Mitmachen können alle Gartenbesitzer*innen aus Laboe. Dazu bitte bis zum 30. Juli einige Fotos des Gartens einsenden mit einer kurzen Beschreibung. Konnte im Garten schon etwas zugunsten des Klima-/Artenschutzes verbessert werden? Worauf sind sie stolz, was möchten sie noch ändern?


Eine unabhängige Jury aus Fachleuten wird die Gärten dann begutachten und die ersten drei Plätze prämieren.
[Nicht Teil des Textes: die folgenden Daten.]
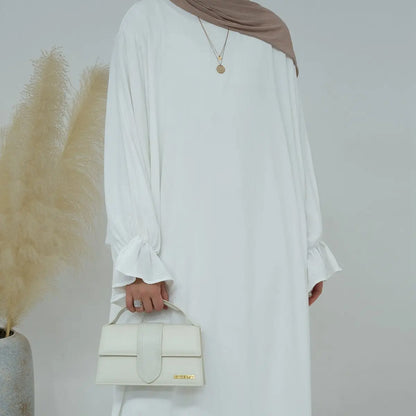 Robe Abaya en tissu froissé à la mode modeste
Die Anmeldung mit den Fotos bitte an info@klimaschutz-laboe.de senden.

Weitere Informationen zu diesem und die anderen Projekte in Laboe gibt es auf der Homepage: https://klimaschutz-laboe.de


Ergänzend zu dem Vortrag wird Frau Andrea Harrje am Samstag, den 29. April 2023 um 15:00 Uhr zu einem naturkundlichen Rundgang durch den Kurpark starten. Der Treffpunkt ist die Blockhütte der Freunde des Kurparks Laboe e.V. neben dem Lachmöwen-Theater. Es sollen positive Beispiele für den Erhalt der natürlichen Vielfalt von Flora und Fauna vorgestellt werden.


Wer am vergangenen Dienstag im Freya-Frahm-Haus nicht dabei sein konnte kann sich bei diesem Rundgang auch noch einmal wertvolle Tipps zu dem Wettbewerb „Klimafreundlicher Naturgarten 2023“ holen. Diese Veranstaltung ist ein Beitrag der Initiative Klimaschutz Laboe (IKL) in Zusammenarbeit mit dem Verein Freunde des Kurparks. Ich wünsche schon einmal ganz viel Spaß bei diesem sicherlich sehr interessanten Rundgang durch unseren wunderschönen Kurpark.


Wie bereits schon am Montag angekündigt findet ebenfalls am Samstag, den 29. April im Rosengarten ein Familienfest statt, das wird alle Eltern mit Kindern erfreuen die sich dort einmal richtig austoben können. Ich werde mich am Sonntag mit meinen Enkelkindern austoben können, darauf freue ich mich schon sehr. Drücken wir einfach mal die Daumen, dass es einigermaßen trocken bleibt am Wochenende.


Hinweisen möchte ich noch auf dem Flohmarkt am 1. Mai auf dem Probsteier Platz. Montag ist ja ein Feiertag, da für mich jeden Tag ein Feiertag ist hatte ich das gar nicht so auf dem Zettel. Dieser Flohmarkt am Probsteier Platz und der Reventloustraße am 01. Mai hat schon eine sehr lange Tradition, meine ersten Fotos stammen aus dem Jahre 2012 und von diesem Flohmarkt am 01. Mai 2012 füge ich heute einmal ein Foto bei.


Wir lesen uns dann am Montag wieder - hoffentlich - falls ich nicht total erschöpft aber glücklich auf dem Sofa liege um Schlaf nachzuholen. Bis dahin wünsche ich ein schönes und erholsames langes Wochenende.